Mark Fancher of the ACLU, which was part of a coalition that challenged Prop 2, said of the decision in terms of college admissions:

It reopens the opportunity for minorities to not only be heard by university administrators, but … persuade the administrators that there is validity in considering their racial identity.

Indeed, the July 1 ruling is a huge step toward restoring affirmative action in Michigan’s public institutions. Women and people of color–and of course, women of color!–can now, once again, be acknowledged as having not had equal opportunities and representation. Affirmative-action programs were devised in order to right historical wrongs and promote, even require, a more prominent inclusion of those who have been discriminated against in public education and employment. Without such requirements in state contracting, for example, it’s easy for the “old boys’ network” to simply hire those they already know and wish to support–which most often do not include women- and minority-owned businesses.

Ward Connerly must be furious.

Connerly, an African American Republican businessman (see the lengthy Ms. magazine expose of his enriching dealings), has been a longtime leader of anti-affirmative-action efforts around the U.S. Appropriating language from the civil rights movement, he helped organize ballot-initiative campaigns such as Michigan’s Prop 2 that were designed to confuse voters by claiming to be against “discrimination and preference on the basis of race, sex, color, ethnicity or national origin.” But his initiatives also painted a picture of a world in which the “unqualified” would be hired or accepted into college simply because of their minority status. Connerly promoted the myth of meritocracy, which encourages women and people of color to believe that you can succeed even if the deck is stacked against you–as long as you work hard and play by the rules.
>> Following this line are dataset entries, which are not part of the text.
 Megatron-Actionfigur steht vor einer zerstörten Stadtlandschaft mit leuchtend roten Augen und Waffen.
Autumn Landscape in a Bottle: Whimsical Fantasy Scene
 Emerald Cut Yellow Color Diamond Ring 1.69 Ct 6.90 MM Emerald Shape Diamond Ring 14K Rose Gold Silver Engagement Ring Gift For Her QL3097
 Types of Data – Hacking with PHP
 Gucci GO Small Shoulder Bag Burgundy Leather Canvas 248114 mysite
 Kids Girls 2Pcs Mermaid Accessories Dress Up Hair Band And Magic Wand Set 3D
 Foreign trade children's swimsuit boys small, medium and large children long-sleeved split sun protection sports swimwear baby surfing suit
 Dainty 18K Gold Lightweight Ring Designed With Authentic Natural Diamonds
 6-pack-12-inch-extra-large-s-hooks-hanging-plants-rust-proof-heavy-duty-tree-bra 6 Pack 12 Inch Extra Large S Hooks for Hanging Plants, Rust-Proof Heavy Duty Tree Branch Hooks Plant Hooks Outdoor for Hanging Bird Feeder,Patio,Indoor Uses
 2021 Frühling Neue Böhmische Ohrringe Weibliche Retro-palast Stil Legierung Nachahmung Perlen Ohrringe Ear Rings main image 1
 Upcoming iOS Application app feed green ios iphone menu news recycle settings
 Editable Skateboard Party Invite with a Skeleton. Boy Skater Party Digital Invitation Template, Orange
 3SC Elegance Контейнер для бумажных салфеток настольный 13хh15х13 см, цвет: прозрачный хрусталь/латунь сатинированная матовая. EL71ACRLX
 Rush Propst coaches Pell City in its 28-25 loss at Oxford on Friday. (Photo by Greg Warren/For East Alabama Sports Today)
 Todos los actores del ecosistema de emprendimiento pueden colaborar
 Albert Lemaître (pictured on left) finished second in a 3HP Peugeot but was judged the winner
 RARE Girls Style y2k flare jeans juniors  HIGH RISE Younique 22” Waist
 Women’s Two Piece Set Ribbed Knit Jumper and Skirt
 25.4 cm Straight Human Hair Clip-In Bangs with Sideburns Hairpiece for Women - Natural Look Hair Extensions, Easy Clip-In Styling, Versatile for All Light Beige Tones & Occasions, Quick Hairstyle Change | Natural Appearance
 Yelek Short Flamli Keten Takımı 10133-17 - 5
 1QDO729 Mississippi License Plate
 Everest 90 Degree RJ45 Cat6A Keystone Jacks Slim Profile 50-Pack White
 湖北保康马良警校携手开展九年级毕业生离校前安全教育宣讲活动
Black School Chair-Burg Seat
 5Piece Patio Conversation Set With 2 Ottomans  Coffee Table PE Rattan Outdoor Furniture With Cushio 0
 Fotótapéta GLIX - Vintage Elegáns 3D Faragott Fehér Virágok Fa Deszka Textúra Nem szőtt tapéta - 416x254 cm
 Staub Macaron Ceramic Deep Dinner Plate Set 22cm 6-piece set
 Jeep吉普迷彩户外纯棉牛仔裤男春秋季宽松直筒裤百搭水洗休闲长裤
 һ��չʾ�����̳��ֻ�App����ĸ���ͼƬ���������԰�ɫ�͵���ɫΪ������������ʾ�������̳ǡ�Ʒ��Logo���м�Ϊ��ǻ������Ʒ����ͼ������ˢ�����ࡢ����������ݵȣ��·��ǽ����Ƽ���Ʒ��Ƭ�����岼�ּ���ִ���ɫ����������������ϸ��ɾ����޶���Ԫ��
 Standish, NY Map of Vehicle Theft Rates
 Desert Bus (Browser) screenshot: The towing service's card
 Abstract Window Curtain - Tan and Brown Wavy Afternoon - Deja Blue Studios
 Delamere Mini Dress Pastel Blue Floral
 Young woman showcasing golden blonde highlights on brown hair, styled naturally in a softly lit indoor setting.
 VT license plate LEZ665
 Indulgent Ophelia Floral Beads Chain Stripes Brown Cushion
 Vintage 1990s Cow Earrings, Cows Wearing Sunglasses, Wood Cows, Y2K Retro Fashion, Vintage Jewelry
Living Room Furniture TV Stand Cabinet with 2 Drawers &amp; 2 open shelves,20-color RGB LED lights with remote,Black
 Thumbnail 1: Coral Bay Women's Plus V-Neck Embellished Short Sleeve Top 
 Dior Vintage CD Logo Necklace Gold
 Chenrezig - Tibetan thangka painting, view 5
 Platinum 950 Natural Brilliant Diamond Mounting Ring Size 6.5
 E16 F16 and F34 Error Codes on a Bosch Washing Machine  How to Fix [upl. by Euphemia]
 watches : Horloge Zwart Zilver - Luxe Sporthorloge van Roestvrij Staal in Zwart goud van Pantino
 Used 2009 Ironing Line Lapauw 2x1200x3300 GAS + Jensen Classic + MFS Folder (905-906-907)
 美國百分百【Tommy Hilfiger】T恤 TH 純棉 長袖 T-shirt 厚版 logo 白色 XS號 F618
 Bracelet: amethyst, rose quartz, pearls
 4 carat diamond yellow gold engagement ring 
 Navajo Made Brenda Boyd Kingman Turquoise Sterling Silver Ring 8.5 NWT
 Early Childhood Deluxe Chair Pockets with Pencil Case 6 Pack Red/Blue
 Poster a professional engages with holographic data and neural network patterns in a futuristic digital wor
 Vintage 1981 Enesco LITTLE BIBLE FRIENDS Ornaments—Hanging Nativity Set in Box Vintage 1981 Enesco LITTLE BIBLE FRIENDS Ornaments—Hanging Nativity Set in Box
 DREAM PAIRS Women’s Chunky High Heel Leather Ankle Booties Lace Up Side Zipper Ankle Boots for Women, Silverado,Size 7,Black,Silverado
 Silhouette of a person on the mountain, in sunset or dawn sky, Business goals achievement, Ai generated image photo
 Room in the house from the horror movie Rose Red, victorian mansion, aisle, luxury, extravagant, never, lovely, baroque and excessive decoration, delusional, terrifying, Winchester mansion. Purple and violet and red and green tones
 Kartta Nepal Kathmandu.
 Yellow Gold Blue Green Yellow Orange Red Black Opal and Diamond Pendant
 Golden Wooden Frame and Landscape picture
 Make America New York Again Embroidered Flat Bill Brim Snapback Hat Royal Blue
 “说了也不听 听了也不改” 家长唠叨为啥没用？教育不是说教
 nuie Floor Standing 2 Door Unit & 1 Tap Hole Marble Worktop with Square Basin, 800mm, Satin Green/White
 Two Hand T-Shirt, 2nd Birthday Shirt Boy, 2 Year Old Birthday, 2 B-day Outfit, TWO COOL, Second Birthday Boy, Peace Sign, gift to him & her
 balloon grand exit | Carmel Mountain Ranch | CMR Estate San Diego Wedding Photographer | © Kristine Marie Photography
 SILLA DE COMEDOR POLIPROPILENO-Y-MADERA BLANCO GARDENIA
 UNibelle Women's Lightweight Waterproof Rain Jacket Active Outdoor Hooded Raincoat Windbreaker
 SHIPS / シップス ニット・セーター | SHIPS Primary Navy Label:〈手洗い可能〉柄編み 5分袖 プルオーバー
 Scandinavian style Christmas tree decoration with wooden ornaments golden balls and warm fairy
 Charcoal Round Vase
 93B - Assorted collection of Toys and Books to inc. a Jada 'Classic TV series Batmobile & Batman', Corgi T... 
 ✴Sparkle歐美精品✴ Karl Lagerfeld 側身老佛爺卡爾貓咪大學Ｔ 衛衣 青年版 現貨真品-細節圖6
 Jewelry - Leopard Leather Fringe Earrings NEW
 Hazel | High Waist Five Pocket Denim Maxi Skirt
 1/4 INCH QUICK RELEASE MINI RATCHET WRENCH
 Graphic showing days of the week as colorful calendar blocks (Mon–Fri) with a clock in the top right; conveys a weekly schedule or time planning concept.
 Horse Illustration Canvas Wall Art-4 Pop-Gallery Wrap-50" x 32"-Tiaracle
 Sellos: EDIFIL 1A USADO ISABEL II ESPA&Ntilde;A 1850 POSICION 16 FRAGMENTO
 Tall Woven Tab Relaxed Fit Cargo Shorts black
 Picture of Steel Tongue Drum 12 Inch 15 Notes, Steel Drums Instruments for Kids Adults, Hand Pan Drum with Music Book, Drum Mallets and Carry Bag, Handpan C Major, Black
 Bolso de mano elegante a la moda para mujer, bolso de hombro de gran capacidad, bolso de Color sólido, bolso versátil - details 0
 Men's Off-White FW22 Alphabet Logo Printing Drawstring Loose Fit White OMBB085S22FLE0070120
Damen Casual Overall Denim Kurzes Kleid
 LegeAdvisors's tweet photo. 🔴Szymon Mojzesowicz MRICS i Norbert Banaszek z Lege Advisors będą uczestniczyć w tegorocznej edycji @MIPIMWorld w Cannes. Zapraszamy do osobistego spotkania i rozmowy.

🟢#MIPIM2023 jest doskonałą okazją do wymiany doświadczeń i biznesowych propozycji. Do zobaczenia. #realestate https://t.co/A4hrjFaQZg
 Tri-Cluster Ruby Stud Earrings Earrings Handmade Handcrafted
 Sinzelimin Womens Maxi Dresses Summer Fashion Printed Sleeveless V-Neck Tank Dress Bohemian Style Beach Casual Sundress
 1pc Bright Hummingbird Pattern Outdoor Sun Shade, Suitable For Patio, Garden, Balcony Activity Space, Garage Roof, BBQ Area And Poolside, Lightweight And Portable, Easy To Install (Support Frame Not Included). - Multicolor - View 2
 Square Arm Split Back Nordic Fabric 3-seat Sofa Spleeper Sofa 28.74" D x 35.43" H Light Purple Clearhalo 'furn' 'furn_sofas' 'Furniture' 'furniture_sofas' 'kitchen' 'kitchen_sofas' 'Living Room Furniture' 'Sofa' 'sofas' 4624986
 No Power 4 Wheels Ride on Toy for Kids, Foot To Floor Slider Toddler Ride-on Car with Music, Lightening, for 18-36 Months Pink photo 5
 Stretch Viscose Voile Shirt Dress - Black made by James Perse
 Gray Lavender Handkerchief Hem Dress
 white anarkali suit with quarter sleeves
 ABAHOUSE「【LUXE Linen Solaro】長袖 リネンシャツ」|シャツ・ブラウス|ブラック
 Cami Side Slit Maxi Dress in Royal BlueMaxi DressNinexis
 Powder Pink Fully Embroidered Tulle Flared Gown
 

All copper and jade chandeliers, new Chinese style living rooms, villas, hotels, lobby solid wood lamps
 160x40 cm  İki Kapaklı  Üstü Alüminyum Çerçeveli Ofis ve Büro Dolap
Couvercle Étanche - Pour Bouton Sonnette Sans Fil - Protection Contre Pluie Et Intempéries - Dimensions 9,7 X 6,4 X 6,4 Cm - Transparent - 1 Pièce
But as the 6th Circuit judges’ ruling reminds us, working harder is quite often not enough–especially when the rules of the working world, or the academic world, have been made and controlled by white men who use exclusionary practices that give a disproportionate share of resources and opportunities to whites and men. Affirmative-action programs, on the other hand, have proven effective in breaking barriers to inclusion: As an example, when California was practicing affirmative action in 1994, women- and minority-owned firms garnered 27.7 percent of all highway contracts, but that had dropped to 8.2 percent by 2002, eight years after the Connerly-backed anti-affirmative action Prop 209 was passed.

Other states within the 6th circuit–Kentucky, Ohio and Tennessee–will also be impacted by the ruling. It will not affect California, Washington, Arizona and Nebraska, which have similar bans (unless appeals reach the U.S. Supreme Court). However, the law firm of Scheff, Washington and Driver, which filed the Michigan lawsuit, has asked the 9th Circuit Court of Appeals (which declared the law constitutional in 1997) to overturn Prop 209, a “carbon copy” of Prop 2 [PDF].